Załoga ostatecznie zdecydowała się zmienić trasę samolotu na Lyon podczas incydentu w ten weekend.

Linia lotnicza stwierdziła, że decyzja została podjęta „zgodnie z procedurami producenta, instrukcjami firmy i zasadą ostrożności”.

Pasażerowie zostali zmuszeni do skorzystania z lotu zastępczego o godzinie 22:40, który zabrał ich do Bastii, a stamtąd autobusem do Ajaccio, gdzie dotarli o godzinie 3:00 nad ranem.

Lądowanie w Lyonie „przebiegło normalnie na jednym silniku”, według eksperta.

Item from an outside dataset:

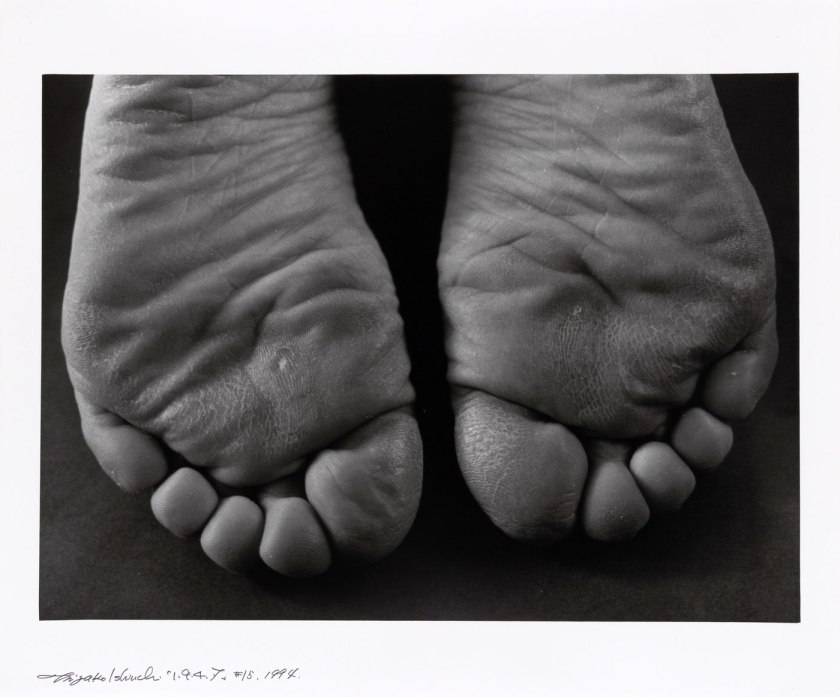 Ishiuchi Miyako (Japanese, b. 1947) '1·9·4·7 #15' negative 1988-1989; print 1994 Ishiuchi Miyako (Japanese, b. 1947) '1·9·4·7 #15' negative 1988-1989; print 1994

Mówił, że chociaż latanie na jednym silniku nie jest standardową sytuacją, „te rzeczy zdarzają się w świecie transportu lotniczego”.

Mimo relacji pasażerów, ekspert dodał, że „skrzydło nie było w ogniu, silnik nie był w ogniu, nie było alarmu pożarowego”.

Jednak przyznał, że nie może wykluczyć, że mogły pojawić się chwilowe płomienie na dyszy, które zostały „zawarte w silniku”.

Airbus A320 obsługujący lot ma dwa silniki CFM56, które ekspert określił jako jedne z „najbardziej niezawodnych” silników na świecie.

Mimo że pasażerowie bezpiecznie dotarli do celu, Joelle zapowiedziała, że złoży skargę na Air France.

Opisała skutki incydentu, mówiąc: „Moja ośmioletnia wnuczka spędziła noc przerażona mną, trzęsąc się”.